Après avoir travaillé sur votre produit pendant des semaines, après avoir rédigé le business plan idéal et étudié votre marché sous toutes ses coutures, vous êtes enfin prêt à lancer votre application mobile ! Cependant, avez-vous pris en compte l’aspect légal de votre projet ? Connaissez vous les contraintes légales pouvant impacter votre projet en termes de produit mais aussi de développement ?

Pour répondre à ces questions, j’ai été accompagné de Maître Ouamara, avocate spécialisée en droit de la concurrence et de la distribution. Ensemble, nous avons rédigé cet article pour vous guider dans cette jungle juridique. 

Peut-on copier les fonctionnalités d’une application déjà existante ?

Les applications mobiles sont omniprésentes dans notre quotidien, et ont très souvent de nombreuses alternatives. Parmi les offres les plus populaires, on retrouve les applications de mise en relation de voyageurs avec des conducteurs privés tels que Uber, Bolt, Freenow ou encore Heetch. Malgré la concurrence féroce sur ce marché, ces entreprises ont toutes choisi de proposer des fonctionnalités identiques pour satisfaire leurs utilisateurs : recherche de courses, visualisation des voitures disponibles aux alentours, choix entre plusieurs gammes de voitures pour une course, etc.

Mais alors, est-il possible de copier les fonctionnalités d'une application existante pour proposer un service similaire ? 

La Cour de justice de l'Union européenne a répondu clairement à cette question : il n'existe pas de fondement juridique permettant de protéger les fonctionnalités d'un logiciel, et a fortiori, d'une application mobile (1). Les fonctionnalités sont dites "non appropriables" et les entreprises peuvent librement proposer une offre concurrente en proposant des fonctionnalités identiques, sans qu'un acte de contrefaçon ne puisse leur être reproché.

Cette décision vise à encourager l'innovation et à promouvoir la concurrence entre les entreprises, en évitant que des situations de monopoles ne se créent dès qu'une application propose un nouveau service, ce qui favoriserait des abus de position dominante. Le corollaire de cette décision est que les fonctionnalités d'une application ne peuvent pas être protégées juridiquement, même si vous êtes le premier à les avoir proposées.

Maintenant que vous vous savez libre de créer les fonctionnalités que vous souhaitez, vous devez vous pencher sur l'image que vous souhaitez donner à votre application. La marque que vous allez créer est un élément crucial de cette image, et il est important de comprendre les limites légales à respecter dans le processus de création. Nous allons donc examiner ces limites en détails pour vous aider à créer une marque forte et conforme juridiquement pour votre application.

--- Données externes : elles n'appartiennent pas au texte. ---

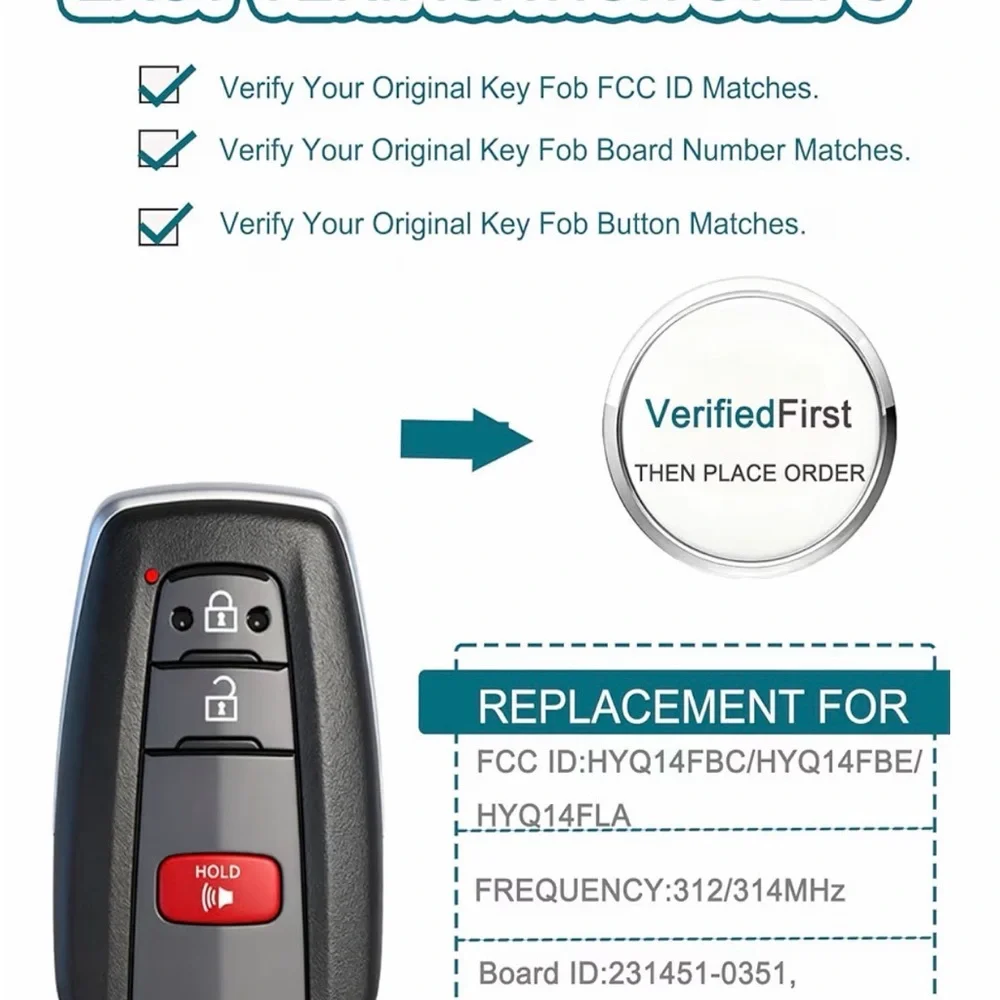 Smart key Fob for Toyota RAV4 2019-2023 - Picture 2 of 10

Peut-on copier une marque déjà existante ? 

En tant que nouvelle entreprise sur un marché, vous pourriez être tenté de vous inspirer, plus ou moins fortement, d’une marque préexistante. Ceci dans l’objectif de profiter de la renommée de ces acteurs déjà présents afin de capter leur clientèle. 

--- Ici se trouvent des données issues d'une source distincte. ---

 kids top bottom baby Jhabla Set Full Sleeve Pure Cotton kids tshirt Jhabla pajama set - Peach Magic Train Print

Pour reprendre l’exemple du service de réservation de VTC, on pourrait imaginer créer une nouvelle application, appelée, de façon caricaturale, “Uuber”, en rappel à la marque “Uber”. 

Sur le papier, cela peut sembler être une bonne idée : en créant une ambiguïté entre les deux marques, vous profiterez alors de téléchargements involontaires sur les stores qui seraient profitables pour votre entreprise. Vous pourriez même aller plus loin en choisissant un logo similaire pour créer une confusion plus grande.

Cependant, à l’inverse des fonctionnalités, la marque de l’application, si elle a été déposée, est quant à elle protégée par le droit de la propriété intellectuelle contre des actes de contrefaçon. En droit, la marque est un signe qui permet de distinguer les produits et services qui sont vendus par une entreprise. Ce signe peut être caractérisé notamment par différents éléments tels qu’un nom, un logo, des composants d’une charte graphique ou encore un slogan. En déposant cette marque à l’autorité compétente (l’INPI en France), le déposant obtient le monopole d’exploitation sur cette marque, ce qui lui permet ainsi d’agir en contrefaçon contre toute personne qui reproduirait les signes de la marque sans son autorisation.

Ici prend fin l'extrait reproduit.